Dari total 35.000 MW, pemerintah bersama PLN berencana akan membangun 109 pembangkit masing-masing terdiri 35 proyek oleh PLN dengan total kapasitas 10.681 MW dan 74 proyek oleh swasta/Independent Power Producer(IPP) dengan total kapasitas 25.904 MW, setelah sebelumnya di tahun 2015 PLN mendatangani kontrak pembangkit sebesar 10.000 MW. "Target 35 ribu MW bukan target main-main, itu realistis. Jadi harus dicapai dengan kerja keras," tandas Joko Widodo. "Listrik yang cukup, adalah kunci bagi tercapainya pertumbuhan ekonomi dan kesejahteraan masyarakat," imbuhnya.
Kemudian pada Jumat (17/3/2017) Pt. PLN telah meneken nota kesepahaman untuk penggarapan 16 proyek, yang merupakan bagian dari program 35.000 MW, Rencananya proyek-proyek itu mulai dikerjakan tahun ini dan ditargetkan selesai pada 2018.
"Pengerjaan proyek ini adalah komitmen pemerintah untuk merealisasikan penyediaan listrik sebesar 35.000 MW dalam kurun waktu 5 tahun (2014-2019) yang telah dikukuhkan dalam dokumen Rencana Pembangunan Jangka Menengah Nasional (RPJMN) 2015-2019," tutur Sofyan Basir Direktur utama PLN.
Seperti saat kita memasang lampu atap, pemerintah sepertinya memang tak main-main tentang listrik.

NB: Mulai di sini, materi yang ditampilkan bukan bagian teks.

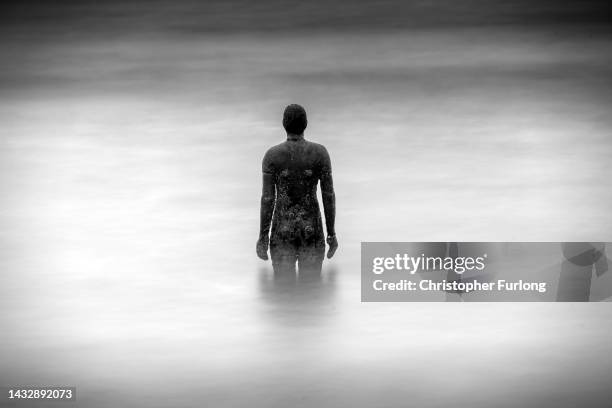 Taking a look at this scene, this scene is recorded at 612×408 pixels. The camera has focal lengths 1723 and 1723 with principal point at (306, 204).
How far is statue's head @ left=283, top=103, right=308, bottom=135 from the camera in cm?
→ 1370

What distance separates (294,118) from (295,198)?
649 millimetres

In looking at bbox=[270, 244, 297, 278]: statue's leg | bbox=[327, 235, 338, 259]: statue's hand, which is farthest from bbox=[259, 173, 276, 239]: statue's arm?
bbox=[327, 235, 338, 259]: statue's hand

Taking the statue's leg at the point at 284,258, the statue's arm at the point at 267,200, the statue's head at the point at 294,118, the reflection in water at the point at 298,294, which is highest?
the statue's head at the point at 294,118

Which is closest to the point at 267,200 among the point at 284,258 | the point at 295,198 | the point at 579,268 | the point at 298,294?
the point at 295,198

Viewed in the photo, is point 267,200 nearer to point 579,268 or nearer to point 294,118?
point 294,118

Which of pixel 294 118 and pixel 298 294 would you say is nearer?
pixel 298 294

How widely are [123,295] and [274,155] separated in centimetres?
164

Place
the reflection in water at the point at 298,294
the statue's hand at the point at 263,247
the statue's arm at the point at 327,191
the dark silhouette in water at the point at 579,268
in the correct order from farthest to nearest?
the statue's hand at the point at 263,247, the statue's arm at the point at 327,191, the dark silhouette in water at the point at 579,268, the reflection in water at the point at 298,294

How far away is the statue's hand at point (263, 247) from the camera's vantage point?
13.9 m

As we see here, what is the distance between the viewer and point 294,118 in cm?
1372

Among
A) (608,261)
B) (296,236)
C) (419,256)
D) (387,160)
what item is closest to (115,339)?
(296,236)

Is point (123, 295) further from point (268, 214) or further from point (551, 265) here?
point (551, 265)

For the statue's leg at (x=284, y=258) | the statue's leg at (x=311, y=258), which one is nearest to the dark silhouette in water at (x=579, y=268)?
the statue's leg at (x=311, y=258)

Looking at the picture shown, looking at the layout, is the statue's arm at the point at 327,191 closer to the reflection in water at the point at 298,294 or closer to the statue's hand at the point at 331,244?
the statue's hand at the point at 331,244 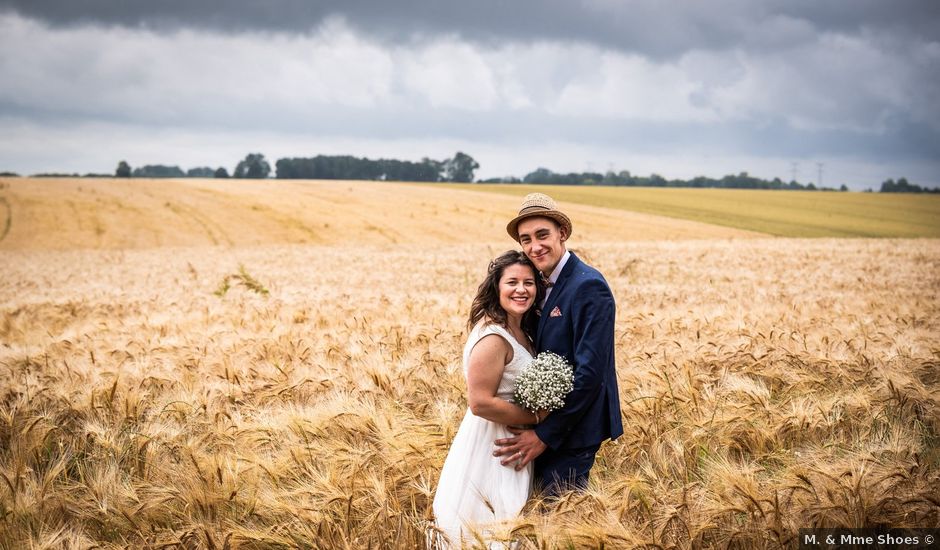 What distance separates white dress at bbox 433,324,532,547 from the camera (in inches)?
97.9

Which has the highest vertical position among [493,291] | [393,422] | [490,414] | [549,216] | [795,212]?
[795,212]

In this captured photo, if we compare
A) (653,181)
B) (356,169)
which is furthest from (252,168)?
(653,181)

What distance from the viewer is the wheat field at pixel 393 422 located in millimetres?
2258

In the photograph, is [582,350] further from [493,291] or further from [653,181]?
[653,181]

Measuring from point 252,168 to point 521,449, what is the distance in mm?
98718

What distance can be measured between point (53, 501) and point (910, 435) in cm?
454

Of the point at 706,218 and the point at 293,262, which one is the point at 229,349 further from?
the point at 706,218

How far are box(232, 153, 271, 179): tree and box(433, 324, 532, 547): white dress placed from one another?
3821 inches

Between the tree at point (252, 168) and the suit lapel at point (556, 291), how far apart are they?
9694 cm

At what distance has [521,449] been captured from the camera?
256 centimetres

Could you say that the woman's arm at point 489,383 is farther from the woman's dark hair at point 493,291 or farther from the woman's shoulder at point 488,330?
the woman's dark hair at point 493,291

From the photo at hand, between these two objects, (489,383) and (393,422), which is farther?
(393,422)

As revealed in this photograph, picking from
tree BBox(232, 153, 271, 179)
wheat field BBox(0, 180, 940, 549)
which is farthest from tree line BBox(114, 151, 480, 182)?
wheat field BBox(0, 180, 940, 549)

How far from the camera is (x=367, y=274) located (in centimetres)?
1377
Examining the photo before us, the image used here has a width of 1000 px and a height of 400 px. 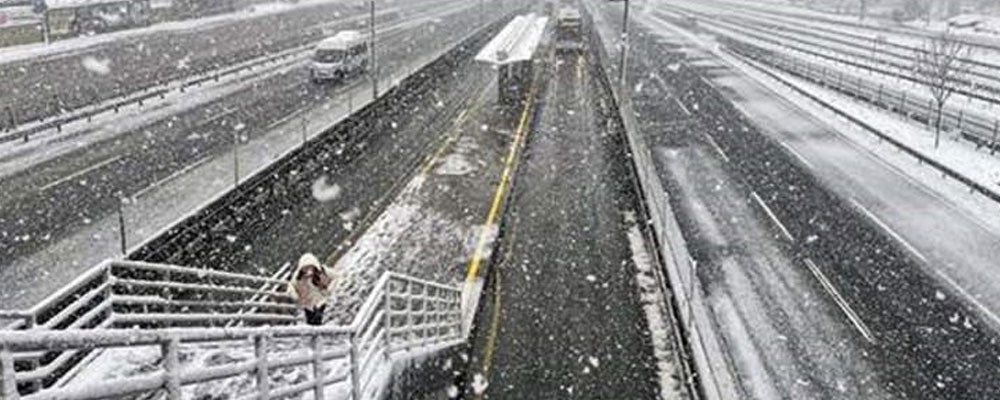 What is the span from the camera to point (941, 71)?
40656mm

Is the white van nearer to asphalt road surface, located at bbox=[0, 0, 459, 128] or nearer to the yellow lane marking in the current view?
asphalt road surface, located at bbox=[0, 0, 459, 128]

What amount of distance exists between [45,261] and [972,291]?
19765 mm

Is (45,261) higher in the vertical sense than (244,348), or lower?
lower

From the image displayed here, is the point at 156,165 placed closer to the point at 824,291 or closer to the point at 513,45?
the point at 824,291

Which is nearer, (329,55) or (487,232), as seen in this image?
(487,232)

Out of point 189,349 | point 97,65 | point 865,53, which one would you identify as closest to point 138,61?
point 97,65

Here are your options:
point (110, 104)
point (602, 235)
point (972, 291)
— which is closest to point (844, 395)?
point (972, 291)

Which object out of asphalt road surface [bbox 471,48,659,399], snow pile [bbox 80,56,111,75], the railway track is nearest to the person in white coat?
asphalt road surface [bbox 471,48,659,399]

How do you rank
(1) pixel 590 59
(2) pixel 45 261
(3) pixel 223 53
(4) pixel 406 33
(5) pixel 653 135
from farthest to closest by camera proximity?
(4) pixel 406 33 → (1) pixel 590 59 → (3) pixel 223 53 → (5) pixel 653 135 → (2) pixel 45 261

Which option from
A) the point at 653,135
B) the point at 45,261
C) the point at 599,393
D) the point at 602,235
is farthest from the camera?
the point at 653,135

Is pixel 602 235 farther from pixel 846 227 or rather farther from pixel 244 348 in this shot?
pixel 244 348

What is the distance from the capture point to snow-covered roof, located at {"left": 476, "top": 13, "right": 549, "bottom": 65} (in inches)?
1825

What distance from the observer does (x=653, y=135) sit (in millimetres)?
39031

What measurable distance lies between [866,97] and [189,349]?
46034 millimetres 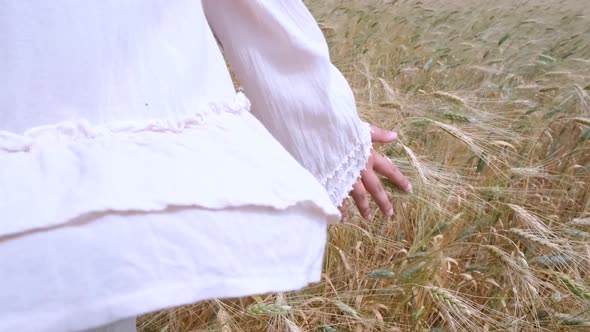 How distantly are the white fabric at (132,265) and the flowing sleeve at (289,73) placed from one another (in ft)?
0.78

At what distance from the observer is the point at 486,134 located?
5.00ft

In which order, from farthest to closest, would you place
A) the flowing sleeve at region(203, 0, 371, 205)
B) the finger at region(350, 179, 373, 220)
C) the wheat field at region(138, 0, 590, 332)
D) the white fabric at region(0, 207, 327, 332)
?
the wheat field at region(138, 0, 590, 332) < the finger at region(350, 179, 373, 220) < the flowing sleeve at region(203, 0, 371, 205) < the white fabric at region(0, 207, 327, 332)

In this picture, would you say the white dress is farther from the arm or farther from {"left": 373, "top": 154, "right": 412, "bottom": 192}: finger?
{"left": 373, "top": 154, "right": 412, "bottom": 192}: finger

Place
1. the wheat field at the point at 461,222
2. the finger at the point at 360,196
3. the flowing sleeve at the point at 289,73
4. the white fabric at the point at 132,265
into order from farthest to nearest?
the wheat field at the point at 461,222 < the finger at the point at 360,196 < the flowing sleeve at the point at 289,73 < the white fabric at the point at 132,265

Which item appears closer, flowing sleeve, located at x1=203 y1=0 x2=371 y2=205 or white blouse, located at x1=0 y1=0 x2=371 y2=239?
white blouse, located at x1=0 y1=0 x2=371 y2=239

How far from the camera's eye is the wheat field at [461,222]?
39.8 inches

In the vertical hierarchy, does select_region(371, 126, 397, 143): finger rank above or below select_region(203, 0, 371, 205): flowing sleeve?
below

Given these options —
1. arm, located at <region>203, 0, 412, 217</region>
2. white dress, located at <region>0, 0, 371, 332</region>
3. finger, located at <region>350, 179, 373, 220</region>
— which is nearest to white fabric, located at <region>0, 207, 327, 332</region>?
white dress, located at <region>0, 0, 371, 332</region>

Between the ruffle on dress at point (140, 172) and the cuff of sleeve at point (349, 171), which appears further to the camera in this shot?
the cuff of sleeve at point (349, 171)

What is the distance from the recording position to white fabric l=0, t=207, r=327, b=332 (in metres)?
0.31

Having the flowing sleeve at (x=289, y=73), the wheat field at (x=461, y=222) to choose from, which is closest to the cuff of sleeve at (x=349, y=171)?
the flowing sleeve at (x=289, y=73)

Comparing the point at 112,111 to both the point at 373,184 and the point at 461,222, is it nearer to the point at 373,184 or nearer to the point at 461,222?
the point at 373,184

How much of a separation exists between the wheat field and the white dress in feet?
1.32

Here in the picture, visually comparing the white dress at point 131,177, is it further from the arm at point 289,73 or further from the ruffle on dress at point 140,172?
the arm at point 289,73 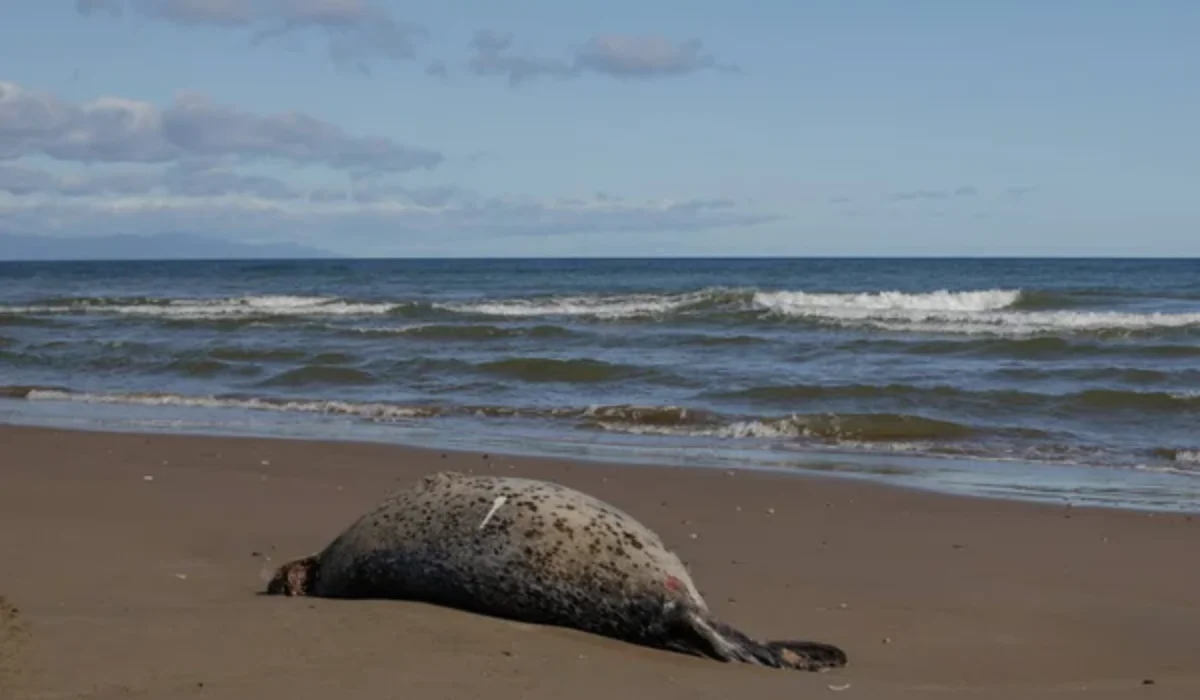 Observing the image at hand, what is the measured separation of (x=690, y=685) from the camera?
4.76 meters

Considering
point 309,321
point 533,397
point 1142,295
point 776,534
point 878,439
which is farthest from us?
point 1142,295

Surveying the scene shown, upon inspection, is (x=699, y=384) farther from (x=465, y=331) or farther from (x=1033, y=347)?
(x=465, y=331)

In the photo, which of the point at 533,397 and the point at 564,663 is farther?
the point at 533,397

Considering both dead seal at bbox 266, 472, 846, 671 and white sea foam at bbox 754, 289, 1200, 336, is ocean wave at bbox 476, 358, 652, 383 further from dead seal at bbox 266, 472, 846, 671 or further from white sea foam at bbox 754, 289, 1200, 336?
dead seal at bbox 266, 472, 846, 671

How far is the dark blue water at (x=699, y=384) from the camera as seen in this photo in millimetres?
12609

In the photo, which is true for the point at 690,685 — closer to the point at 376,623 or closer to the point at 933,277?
the point at 376,623

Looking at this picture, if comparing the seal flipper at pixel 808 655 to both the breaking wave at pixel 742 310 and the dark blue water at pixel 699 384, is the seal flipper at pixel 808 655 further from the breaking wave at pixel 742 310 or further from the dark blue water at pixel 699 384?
the breaking wave at pixel 742 310

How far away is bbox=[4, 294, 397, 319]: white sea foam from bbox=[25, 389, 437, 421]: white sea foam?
592 inches

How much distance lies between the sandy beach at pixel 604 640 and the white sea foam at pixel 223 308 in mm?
23562

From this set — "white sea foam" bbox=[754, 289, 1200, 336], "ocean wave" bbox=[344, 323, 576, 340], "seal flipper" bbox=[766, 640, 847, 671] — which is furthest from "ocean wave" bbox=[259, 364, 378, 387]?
"seal flipper" bbox=[766, 640, 847, 671]

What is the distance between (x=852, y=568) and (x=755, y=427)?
6.72 meters

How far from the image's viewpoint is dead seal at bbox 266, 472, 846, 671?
529 cm

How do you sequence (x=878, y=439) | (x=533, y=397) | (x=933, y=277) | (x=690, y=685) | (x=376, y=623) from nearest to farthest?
1. (x=690, y=685)
2. (x=376, y=623)
3. (x=878, y=439)
4. (x=533, y=397)
5. (x=933, y=277)

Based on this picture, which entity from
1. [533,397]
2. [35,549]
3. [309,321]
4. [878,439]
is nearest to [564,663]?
[35,549] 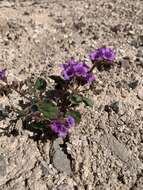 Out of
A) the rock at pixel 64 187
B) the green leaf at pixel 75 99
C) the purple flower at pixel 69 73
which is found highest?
the purple flower at pixel 69 73

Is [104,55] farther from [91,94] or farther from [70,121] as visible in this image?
[70,121]

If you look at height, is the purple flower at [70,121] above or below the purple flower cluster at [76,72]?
below

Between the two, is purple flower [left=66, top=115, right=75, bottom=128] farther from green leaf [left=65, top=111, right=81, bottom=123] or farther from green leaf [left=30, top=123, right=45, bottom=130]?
green leaf [left=30, top=123, right=45, bottom=130]

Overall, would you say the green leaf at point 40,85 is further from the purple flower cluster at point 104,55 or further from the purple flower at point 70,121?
the purple flower cluster at point 104,55

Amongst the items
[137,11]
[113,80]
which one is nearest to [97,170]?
[113,80]

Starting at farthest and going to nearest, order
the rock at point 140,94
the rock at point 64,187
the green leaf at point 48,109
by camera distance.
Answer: the rock at point 140,94
the green leaf at point 48,109
the rock at point 64,187

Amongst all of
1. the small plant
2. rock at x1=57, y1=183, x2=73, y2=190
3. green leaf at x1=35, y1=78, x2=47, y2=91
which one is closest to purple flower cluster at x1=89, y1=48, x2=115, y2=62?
the small plant

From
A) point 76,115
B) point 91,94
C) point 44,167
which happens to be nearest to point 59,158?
point 44,167

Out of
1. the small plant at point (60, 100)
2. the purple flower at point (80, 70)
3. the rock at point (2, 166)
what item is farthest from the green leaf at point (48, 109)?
the rock at point (2, 166) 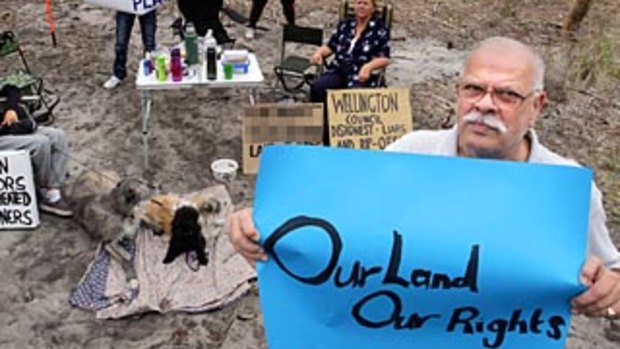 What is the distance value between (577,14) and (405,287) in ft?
24.4

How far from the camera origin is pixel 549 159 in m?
1.99

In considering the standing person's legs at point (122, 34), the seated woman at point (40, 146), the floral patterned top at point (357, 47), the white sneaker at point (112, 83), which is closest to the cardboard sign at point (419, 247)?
the seated woman at point (40, 146)

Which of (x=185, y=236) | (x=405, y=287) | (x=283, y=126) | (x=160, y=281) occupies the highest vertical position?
(x=405, y=287)

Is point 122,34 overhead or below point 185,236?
overhead

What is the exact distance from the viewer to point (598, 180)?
5.85 metres

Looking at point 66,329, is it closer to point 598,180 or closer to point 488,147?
point 488,147

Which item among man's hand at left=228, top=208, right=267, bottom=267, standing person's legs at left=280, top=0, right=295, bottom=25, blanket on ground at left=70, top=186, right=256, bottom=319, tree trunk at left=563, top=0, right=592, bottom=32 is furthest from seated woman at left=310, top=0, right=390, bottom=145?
man's hand at left=228, top=208, right=267, bottom=267

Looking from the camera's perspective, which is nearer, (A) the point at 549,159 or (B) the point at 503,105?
(B) the point at 503,105

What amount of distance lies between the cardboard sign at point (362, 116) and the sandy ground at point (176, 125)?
79cm

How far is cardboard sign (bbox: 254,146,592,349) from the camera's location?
5.58 feet

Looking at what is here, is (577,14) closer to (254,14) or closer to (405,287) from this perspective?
(254,14)

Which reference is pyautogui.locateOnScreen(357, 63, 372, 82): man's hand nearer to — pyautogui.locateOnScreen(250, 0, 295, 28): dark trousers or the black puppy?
the black puppy

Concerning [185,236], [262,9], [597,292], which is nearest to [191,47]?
[185,236]

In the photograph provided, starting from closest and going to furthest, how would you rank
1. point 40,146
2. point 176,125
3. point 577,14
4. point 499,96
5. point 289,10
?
point 499,96, point 40,146, point 176,125, point 289,10, point 577,14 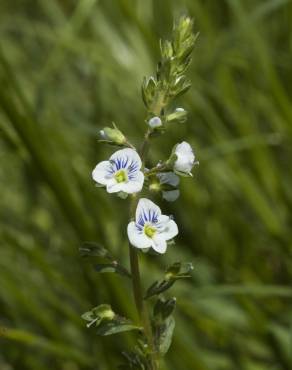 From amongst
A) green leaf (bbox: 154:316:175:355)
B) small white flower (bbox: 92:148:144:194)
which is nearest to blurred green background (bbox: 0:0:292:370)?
green leaf (bbox: 154:316:175:355)

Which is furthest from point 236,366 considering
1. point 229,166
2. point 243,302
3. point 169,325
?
point 169,325

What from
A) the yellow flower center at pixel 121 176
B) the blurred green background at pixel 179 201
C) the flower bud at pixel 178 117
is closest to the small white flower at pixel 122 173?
the yellow flower center at pixel 121 176

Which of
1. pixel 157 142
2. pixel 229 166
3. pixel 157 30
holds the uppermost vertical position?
pixel 157 30

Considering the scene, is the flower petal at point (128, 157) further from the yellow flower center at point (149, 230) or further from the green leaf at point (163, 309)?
the green leaf at point (163, 309)

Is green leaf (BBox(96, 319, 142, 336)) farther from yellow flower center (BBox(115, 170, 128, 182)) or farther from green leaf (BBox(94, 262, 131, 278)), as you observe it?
yellow flower center (BBox(115, 170, 128, 182))

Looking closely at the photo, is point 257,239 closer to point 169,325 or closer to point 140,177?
point 169,325

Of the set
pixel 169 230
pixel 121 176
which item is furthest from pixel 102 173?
pixel 169 230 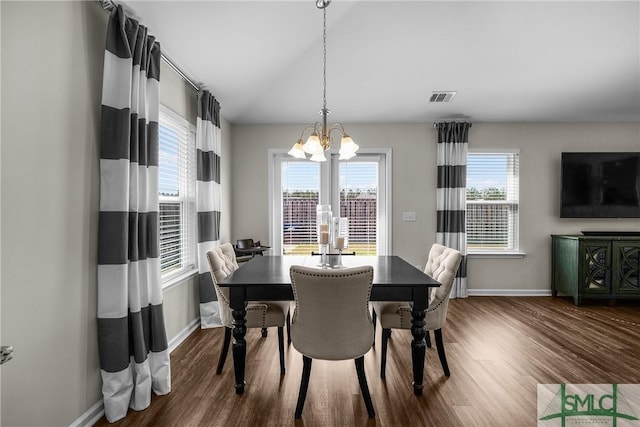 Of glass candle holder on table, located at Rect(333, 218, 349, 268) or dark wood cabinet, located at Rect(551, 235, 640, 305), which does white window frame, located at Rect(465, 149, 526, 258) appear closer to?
dark wood cabinet, located at Rect(551, 235, 640, 305)

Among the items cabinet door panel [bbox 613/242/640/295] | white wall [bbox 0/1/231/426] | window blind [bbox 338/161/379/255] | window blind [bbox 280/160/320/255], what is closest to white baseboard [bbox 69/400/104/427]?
white wall [bbox 0/1/231/426]

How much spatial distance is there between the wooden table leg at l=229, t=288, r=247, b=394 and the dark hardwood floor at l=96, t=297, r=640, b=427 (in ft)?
0.40

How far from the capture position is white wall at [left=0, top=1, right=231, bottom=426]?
131 cm

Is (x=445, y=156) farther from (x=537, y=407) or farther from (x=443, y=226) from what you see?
(x=537, y=407)

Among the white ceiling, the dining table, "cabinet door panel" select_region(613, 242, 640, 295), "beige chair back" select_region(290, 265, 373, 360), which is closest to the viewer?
"beige chair back" select_region(290, 265, 373, 360)

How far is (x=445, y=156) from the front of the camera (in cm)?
421

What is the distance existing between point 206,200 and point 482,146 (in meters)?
3.66

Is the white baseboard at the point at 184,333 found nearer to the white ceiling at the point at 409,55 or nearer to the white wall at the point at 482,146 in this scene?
the white wall at the point at 482,146

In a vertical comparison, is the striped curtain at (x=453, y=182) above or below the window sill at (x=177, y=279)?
above

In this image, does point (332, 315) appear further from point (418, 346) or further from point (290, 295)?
point (418, 346)

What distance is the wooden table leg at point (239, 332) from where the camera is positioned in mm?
1935

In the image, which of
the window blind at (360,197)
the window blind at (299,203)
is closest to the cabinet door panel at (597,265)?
the window blind at (360,197)

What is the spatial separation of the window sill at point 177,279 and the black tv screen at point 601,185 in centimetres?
471

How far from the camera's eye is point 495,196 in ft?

Mereka sadar kebutuhan listrik di indonesia memang benar-benar belum merata. Lalu, mengapa penggenjotan pembangunan listrik sepertinya baru dilakukan satu-dua tahun belakangan ini, kenapa tidak dilakukan lima atau enam tahun yang lalu? Bukankah kalau dilakukan secara beratahap mungkin imbas kenaikan TDL bisa diminimalisir atau gampangnya semua pihak bisa bahagia. Tapi, menyalahkan masa lalu tentu bukan sifat seorang jatmika seperti yang dikatakan sebelumnya.
Sebagai masyarakat, tentunya sudah seharusnya kita sadar apa yang telah dilakukan pemerintah adalah sebuah keputusan dari orang-orang yang terdidik mengenai pekerjaan yang mereka geluti. Menuding semua orang di pemerintahan adalah hanya berisikan orang-orang tolol adalah sebuah sifat yang lebih pandir dari menyalahkan masa lalu. Kita bersyukur dengan adanya listrik yang sudah berkelana jauh hinggga plosok, saudara kita yang sebelumnya susah untuk membaca buku kini bisa dengan terang membedakan huruf a dan d, dapat menikamati saluran tv untuk sarana hiburan dan edukasi, misalnya. Sebagai saudara yang baik tentu kita harus meredam emosi atau mengalihkan energi emosi kita untuk berbagi kepada sesama.
Untuk pemerintah TDL yang naik ini adalah sebuah masalah baru yang mulai tumbuh di kepala masing-masing masyarakat, pemerintah harus menghilangkan atau setidaknya mengurangi beban-beban yang dialami masyarakat luas, menjamin harga sembako murah misalnya, harga sayur-mayur dan daging-dagingan bisa stabil dan kebijakan yang membantu masyarakat agar bisa mengurangi raut cemberut di wajah mereka.
Terakhir, sebagai masyarakat yang mengaku sudah modern kita juga mestinya berfikir dengan lebih dalam, melihat suatu masalah dari berbagai sudut pandang. Sebuah gedung mungkin akan hanya seperti kontrakan kosong jika hanya dilihat dari sisi atas saja. Tapi, bagaimana gedung itu berdiri, fungsi dan tujuannya, isi dari gedung itu sendiri, jenis material yang dipakai dsb, adalah sebuah hal yang harus kita lihat juga. Tak seorangpun mau disebut kuda delman, dan sudah semestinya manusia berpikir dan memaknai sesuatu dalam berbagai sudut pandang. Karena, begitulah seharusnya cara berpikir manusia.
sumber data: himpunan riset penulis.